During MapReduce execution, especially in the Shuffle stage, try to use the memory buffer to store data and reduce the number of disk overflow writes. At the same time, increasing the degree of parallelism during job execution can significantly improve system performance, this is also an important basis for configuration optimization.
The following describes some attributes of the I/O attributes and MapReduce attributes respectively, and specifies the Optimization Direction.
1 I/O Attribute Class Optimization
I/O attribute classes mainly include the relevant I/O process attributes in the Shuffle phase. After analyzing each specific attribute, we can start with the following attributes for optimization.
(1) io. sort. factor attribute, int type, used by Map side and Reduce side
This attribute sets the maximum stream to be merged at a time when both the Map side and the Reduce side use the Sort file. The default value is 10, that is, 10 streams are merged at a time. In a cluster, increasing it appropriately can increase the degree of parallelism to shorten the time required for merging. It is common to increase the default value to 100.
(2) io. sort. mb attribute, int type, used by Map side
This attribute sets the size of the ring memory buffer used for sorting Map output, in MB bytes. The default value is 100 MB. If allowed, you should increase the value to reduce the number of disk overflow writes to improve performance.
(3) io. sort. record. percent attribute, float type, used by Map
This property sets the reserved io. sort. mb ratio to store the Map output record boundary, and the remaining space to store the Map output record itself. The default value is 0.05.

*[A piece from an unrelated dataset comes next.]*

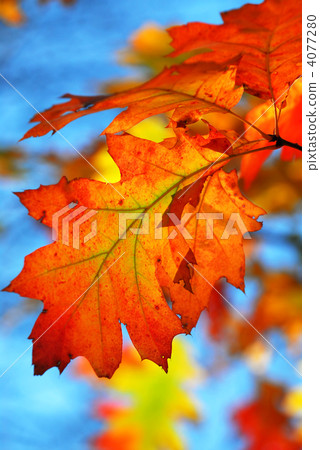 Fall oak leaves 4077280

(4) io. sort. spill. percent attribute, float type, used by Map
This attribute sets the threshold value for the ratio of Map output memory buffer to boundary record index. When this threshold is reached, the disk overflow process starts. The default value is 0.80.
(5) io. file. buffer. size attribute, int type, MapReduce job use
This attribute sets the buffer size provided by MapReduce job I/O operations, in bytes. The default value is 4096 bytes. This is a relatively conservative setting. Increasing the size can reduce I/O times to improve performance. If the system permits, 64 KB (65536 bytes) to 131072 KB (bytes) is a common choice.
2 MapReduce Attribute Class Optimization
MapReduce attribute classes mainly include configuration attributes during MapReduce execution, focusing on analyzing performance optimization from the following attributes.
(1) mapred. reduce. parallel. copies attribute, int type, used by Reduce
This attribute sets the number of threads that copy Map output to Reduce. The default value is 5. You can increase it to 20-50 as needed, increase the parallel number of rows in the Reduce-side replication process, and improve system performance.
(2) mapred. child. java. opts attribute, String type, Map and Reduce task Virtual Machine use
This attribute sets the memory size specified by the Java VM during Map and Reduce tasks. The default value is-Xmx200m, and the memory is allocated to each task in MB. As long as the conditions permit, the memory size on the task node should be as large as possible, and it can be increased to-Xmx512m, that is, 512 MB, to improve the performance of MapReduce jobs.
(3) mapred. job. shuffle. input. buffer. percent attribute, float type, used by Reduce
This attribute sets the percentage of the whole heap space. It is used to allocate the copy phase of Shuffle to the Map output cache. The default value is 0.70. An appropriate proportion can be increased to prevent Map output from being overwritten to the disk, it can improve system performance.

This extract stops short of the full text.